Water Bodies Module

The water bodies module provides functions for downloading, rasterizing, and routing flow through lakes and reservoirs.

Overview

This module integrates water body data from two sources:

  • NHD (National Hydrography Dataset) - US-only, high detail

  • HydroLAKES - Global coverage, includes reservoir data

Water bodies are treated differently based on their context:

  • Lakes inside endorheic basins act as sinks (terminal drainage)

  • Lakes outside basins act as conduits (water flows through to outlet)

See Flow Routing and Accumulation Guide for detailed information on water body routing strategies.

Data Download

src.terrain.water_bodies.download_water_bodies(bbox, output_dir, data_source='hydrolakes', min_area_km2=0.1, force_download=False)[source]

Download lake polygons and outlets for bounding box.

Parameters:
  • bbox (tuple) – Bounding box (south, west, north, east) in degrees

  • output_dir (str) – Directory to save downloaded data

  • data_source (str) – Data source: “nhd” (USA only) or “hydrolakes” (global)

  • min_area_km2 (float) – Minimum lake area to include (km²)

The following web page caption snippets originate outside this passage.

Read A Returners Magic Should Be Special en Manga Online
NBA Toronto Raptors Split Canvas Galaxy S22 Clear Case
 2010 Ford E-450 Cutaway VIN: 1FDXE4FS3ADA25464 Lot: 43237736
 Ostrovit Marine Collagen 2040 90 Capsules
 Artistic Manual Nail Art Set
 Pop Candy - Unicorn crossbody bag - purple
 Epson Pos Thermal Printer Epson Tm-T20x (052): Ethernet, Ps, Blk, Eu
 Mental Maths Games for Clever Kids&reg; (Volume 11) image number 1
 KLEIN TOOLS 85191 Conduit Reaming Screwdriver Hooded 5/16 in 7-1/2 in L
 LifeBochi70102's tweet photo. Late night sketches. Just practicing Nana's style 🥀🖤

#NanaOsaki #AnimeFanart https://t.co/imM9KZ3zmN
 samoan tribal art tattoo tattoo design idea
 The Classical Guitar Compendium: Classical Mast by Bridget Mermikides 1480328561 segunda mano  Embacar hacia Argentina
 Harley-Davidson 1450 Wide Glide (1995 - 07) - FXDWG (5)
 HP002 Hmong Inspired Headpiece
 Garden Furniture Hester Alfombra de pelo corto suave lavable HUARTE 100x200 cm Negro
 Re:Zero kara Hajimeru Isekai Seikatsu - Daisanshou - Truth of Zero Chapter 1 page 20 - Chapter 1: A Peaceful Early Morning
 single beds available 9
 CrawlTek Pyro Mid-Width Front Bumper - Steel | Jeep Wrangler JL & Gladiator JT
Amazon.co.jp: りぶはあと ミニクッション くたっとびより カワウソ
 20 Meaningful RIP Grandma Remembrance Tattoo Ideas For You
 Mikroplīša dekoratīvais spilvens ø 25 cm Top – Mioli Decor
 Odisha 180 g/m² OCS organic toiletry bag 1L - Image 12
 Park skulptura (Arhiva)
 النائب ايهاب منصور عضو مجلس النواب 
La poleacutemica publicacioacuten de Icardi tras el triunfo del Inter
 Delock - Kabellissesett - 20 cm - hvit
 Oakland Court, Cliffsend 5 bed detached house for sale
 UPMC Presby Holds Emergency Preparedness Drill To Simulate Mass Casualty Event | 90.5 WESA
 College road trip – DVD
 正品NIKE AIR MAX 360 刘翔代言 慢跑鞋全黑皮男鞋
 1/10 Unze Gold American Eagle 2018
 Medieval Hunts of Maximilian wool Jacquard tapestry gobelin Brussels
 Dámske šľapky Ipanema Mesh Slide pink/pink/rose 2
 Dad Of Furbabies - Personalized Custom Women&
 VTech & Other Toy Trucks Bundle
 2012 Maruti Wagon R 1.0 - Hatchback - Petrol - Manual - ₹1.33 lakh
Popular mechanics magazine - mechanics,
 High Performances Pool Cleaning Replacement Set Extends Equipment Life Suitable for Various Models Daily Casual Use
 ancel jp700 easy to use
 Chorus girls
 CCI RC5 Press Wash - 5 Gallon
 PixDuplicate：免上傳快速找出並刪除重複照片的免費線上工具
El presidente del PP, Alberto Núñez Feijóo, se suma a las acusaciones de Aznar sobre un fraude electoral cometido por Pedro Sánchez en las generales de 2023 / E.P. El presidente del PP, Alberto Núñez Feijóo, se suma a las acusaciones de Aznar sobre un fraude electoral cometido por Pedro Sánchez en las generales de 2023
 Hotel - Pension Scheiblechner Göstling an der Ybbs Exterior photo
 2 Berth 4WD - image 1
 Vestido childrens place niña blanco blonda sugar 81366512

  • force_download (bool) – If True, re-download even if cached

Returns:

Path to downloaded GeoJSON file

Return type:

Path

Main download function that dispatches to NHD or HydroLAKES.

Example:

from src.terrain.water_bodies import download_water_bodies

geojson_path = download_water_bodies(
    bbox=(32.5, -117.5, 33.5, -116.5),  # south, west, north, east
    output_dir="data/water_bodies",
    data_source="hydrolakes",
    min_area_km2=0.01,
)
src.terrain.water_bodies.download_nhd_water_bodies(bbox, output_dir)[source]

Download NHDWaterbody and NHDFlowline from USGS REST API.

Parameters:
  • bbox (tuple) – Bounding box (south, west, north, east)

  • output_dir (str) – Output directory

Returns:

  • waterbodies (dict) – GeoJSON of lake polygons

  • flowlines (dict) – GeoJSON of stream lines

Return type:

Tuple[Dict, Dict]

Download from National Hydrography Dataset (US only).

src.terrain.water_bodies.download_hydrolakes(bbox, output_dir)[source]

Get HydroLAKES data for bounding box.

Note: HydroLAKES is distributed as a shapefile that must be downloaded once from hydrosheds.org. This function filters the local data to bbox.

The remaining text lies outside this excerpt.